Exercise objective. Taking the data below, please print only the lines from the line holding "MacBook Air M4" to the line holding "Custom Photo and", inclusive, with pictures omitted.

Entries provided.
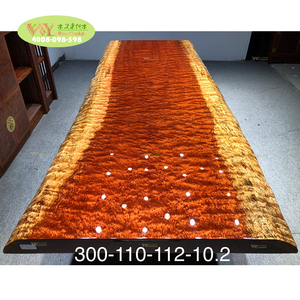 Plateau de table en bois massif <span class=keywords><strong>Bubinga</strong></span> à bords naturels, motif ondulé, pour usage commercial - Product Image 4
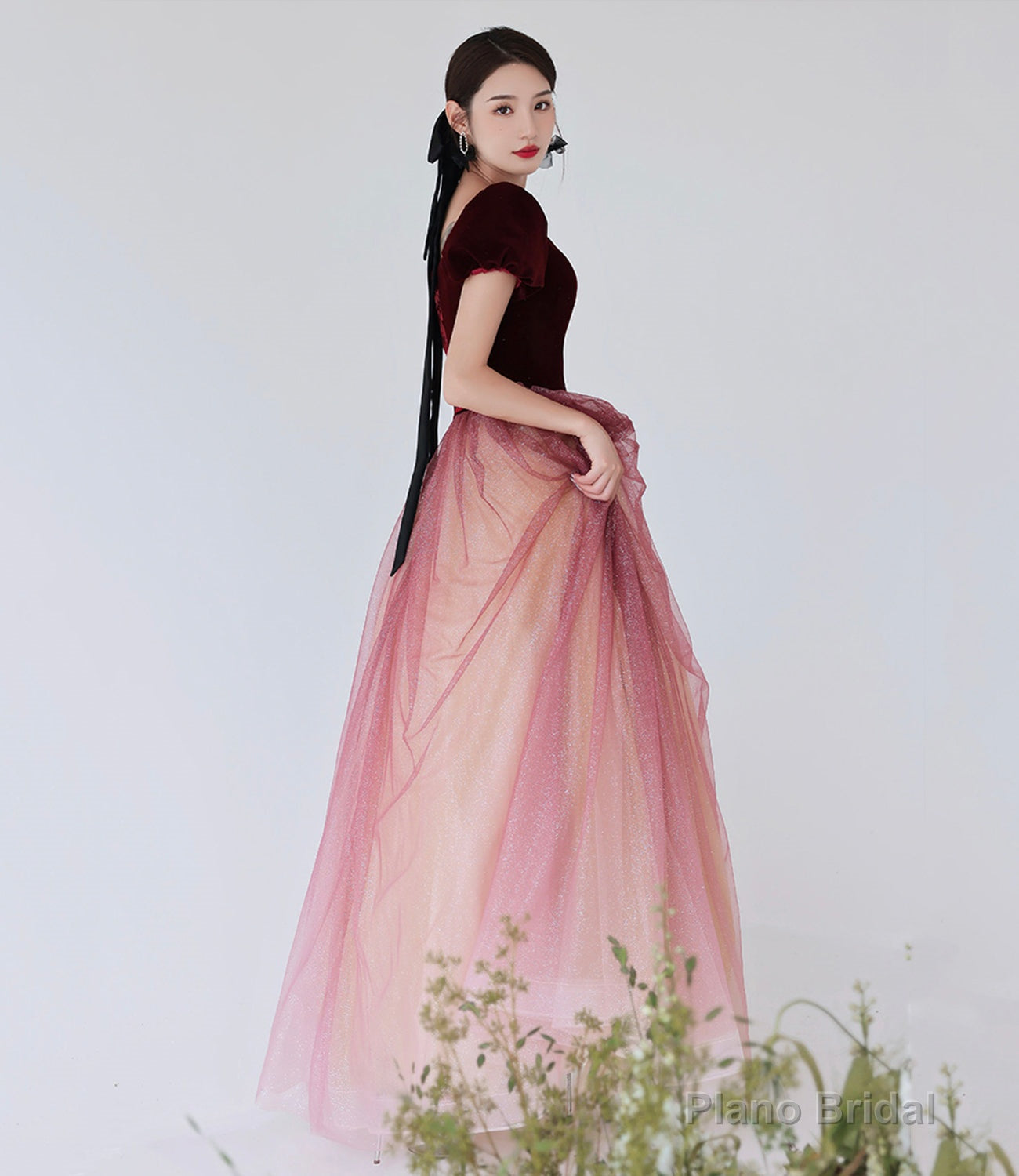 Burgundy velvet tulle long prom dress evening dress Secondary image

--

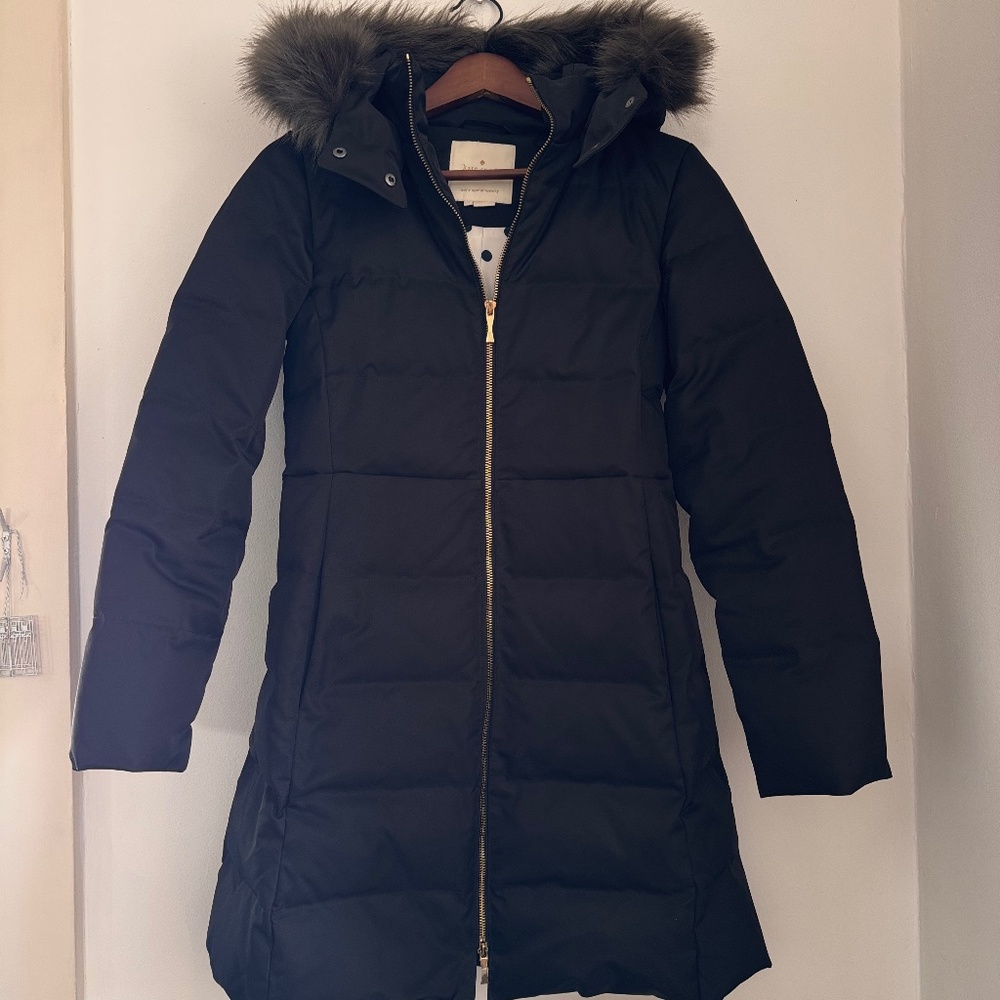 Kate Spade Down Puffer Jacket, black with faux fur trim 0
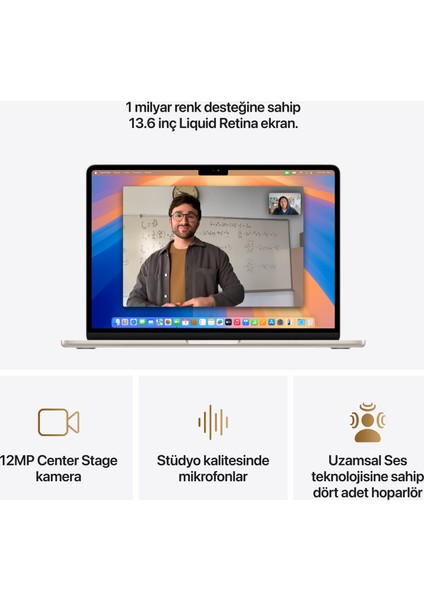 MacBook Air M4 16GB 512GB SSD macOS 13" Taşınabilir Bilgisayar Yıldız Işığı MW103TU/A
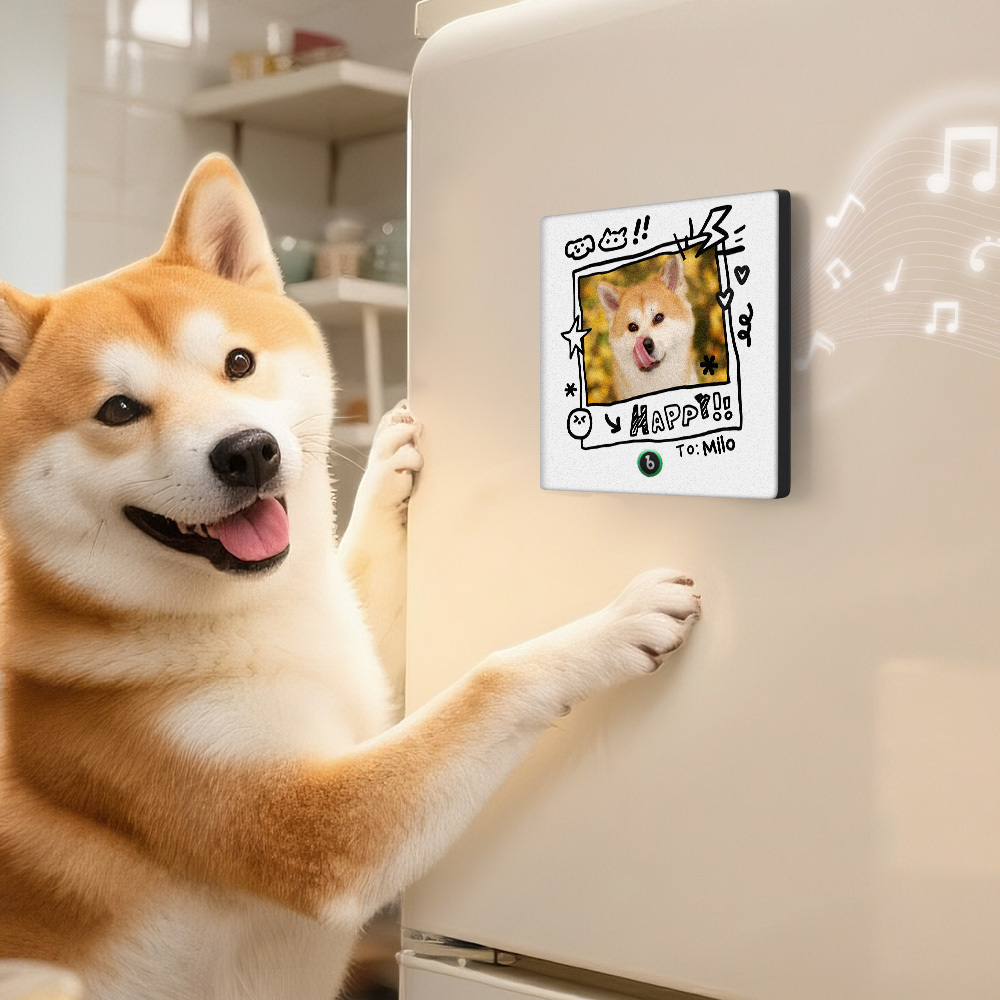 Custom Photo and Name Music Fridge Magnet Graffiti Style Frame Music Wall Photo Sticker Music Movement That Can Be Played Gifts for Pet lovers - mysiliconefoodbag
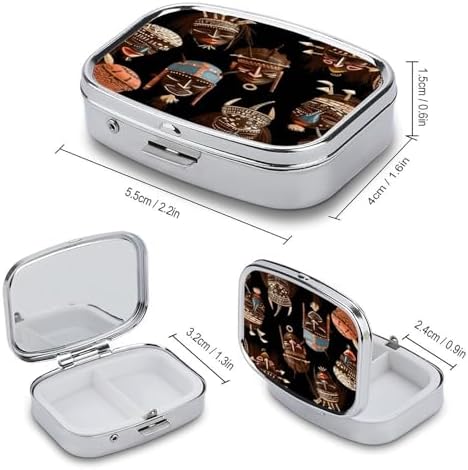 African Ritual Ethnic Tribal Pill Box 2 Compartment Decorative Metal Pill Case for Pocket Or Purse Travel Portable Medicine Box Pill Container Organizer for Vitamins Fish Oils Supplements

Expected answer.
 MacBook Air M4 16GB 512GB SSD macOS 13" Taşınabilir Bilgisayar Yıldız Işığı MW103TU/A
 Custom Photo and Name Music Fridge Magnet Graffiti Style Frame Music Wall Photo Sticker Music Movement That Can Be Played Gifts for Pet lovers - mysiliconefoodbag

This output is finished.